I disturbi specifici dell’apprendimento (DSA) sono legati ai processi di lettura, scrittura e calcolo (confusione fra le lettere, lentezza nel riconoscimento delle lettere e dei numeri, ecc.). Le capacità cognitive sono nella norma, ma ci possono essere delle difficoltà per alcune attività scolastiche e nella vita quotidiana (per esempio l’ordine dei giorni della settimana, delle ore).
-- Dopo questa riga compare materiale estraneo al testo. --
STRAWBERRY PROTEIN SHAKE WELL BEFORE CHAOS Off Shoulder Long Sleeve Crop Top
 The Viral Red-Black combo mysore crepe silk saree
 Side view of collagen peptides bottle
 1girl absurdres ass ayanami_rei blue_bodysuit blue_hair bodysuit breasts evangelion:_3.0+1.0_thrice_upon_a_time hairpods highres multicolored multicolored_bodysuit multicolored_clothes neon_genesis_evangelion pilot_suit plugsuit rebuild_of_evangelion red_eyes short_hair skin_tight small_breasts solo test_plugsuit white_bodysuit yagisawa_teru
Nello specifico, quando parliamo di “disturbi specifici dell’apprendimento” intendiamo:

  • La dislessia. Si manifesta all’inizio del percorso scolastico con la difficoltà di memorizzare le singole lettere, di unire due lettere („m“ „a“ invece di „ma“), di riconoscere parole ricorrenti nel testo (mancata automatizzazione) e con molti errori di decodifica. Negli anni successivi/nelle classi successive si manifesta con lentezza nella lettura, mancanza di correttezza nella scrittura e nella lettura e non comprensione del testo.
  • La disortografia. Si manifesta con la difficoltà di analizzare e distinguere i singoli suoni di cui si compone una parola (consapevolezza fonologica) e di riconoscere la corrispondenza del fonema (suono) con il grafema (simbolo grafico). Gli errori rilevanti sono omissioni, sostituzioni o inversioni di lettere. Negli anni successivi/nelle classi successive il bambino/la bambina ha difficoltà ad automatizzare le regole ortografiche.
  • La disgrafia. È il disturbo specifico della grafia, ossia l’abilità motoria della scrittura, la quale risulta pertanto disordinata, illeggibile e lenta. La mano del bambino/della bambina non scorre in modo fluido sul foglio, la pressione è troppo leggera o troppo forte e l’impugnatura è spesso scorretta. Le singole lettere sono scritte senza rispettare le dimensioni, con forme irregolari, e sono legate fra loro in modo scorretto. Anche lo spazio a disposizione non è utilizzato in modo corretto: non si rispettano i margini, si lasciano spazi irregolari tra le lettere e/o le parole. Tutto questo rende la scrittura illeggibile per il bambino stesso/la bambina stessa e per gli altri.
  • La discalculia. È il disturbo specifico dell’elaborazione del numero e del calcolo. Per elaborazione del numero s’intende la lettura e la scrittura dei numeri ed il giudizio di numerosità o di grandezza, mentre per calcolo si intendono le procedure necessarie al calcolo (addizione, sottrazione, moltiplicazione e divisione) a mente e per iscritto. Si possono osservare bambini/bambine che calcolano contando con le dita, con oggetti o che contando guardano per aria, tutti possibili sintomi di una mancata interiorizzazione della quantità che deve, ogni volta, essere ricontata.

Link utili

Ci sono altre difficoltà di apprendimento che non rientrano negli esempi sopra riportati e che vanno valutate singolarmente. Possono esserci, ad esempio, difficoltà di apprendimento date da deficit di attenzione e di concentrazione, di memorizzazione dei contenuti oppure da iperattività (ad esempio un bambino che non riesce a stare fermo).
Possono verificarsi momenti di disagio del bambino/della bambina che danno origine anche a disturbi di apprendimento, solitamente per deficit di concentrazione. Le cause del disagio possono essere molteplici: problemi di tipo socio-economico, mancanza di strumenti per affrontare situazioni difficili, prevaricazioni da parte di compagni (bullismo e mobbing) e tanto altro ancora. Ogni situazione richiede un’attenta analisi e la ricerca di soluzioni assieme ai docenti e ai familiari.
Per queste difficoltà il Servizio offre il proprio aiuto per analizzare le cause e cercare percorsi per arrivare ad una possibile soluzione.
Il Servizio sostiene e offre consulenza a dirigenti, insegnanti, personale pedagogico nonché ai genitori.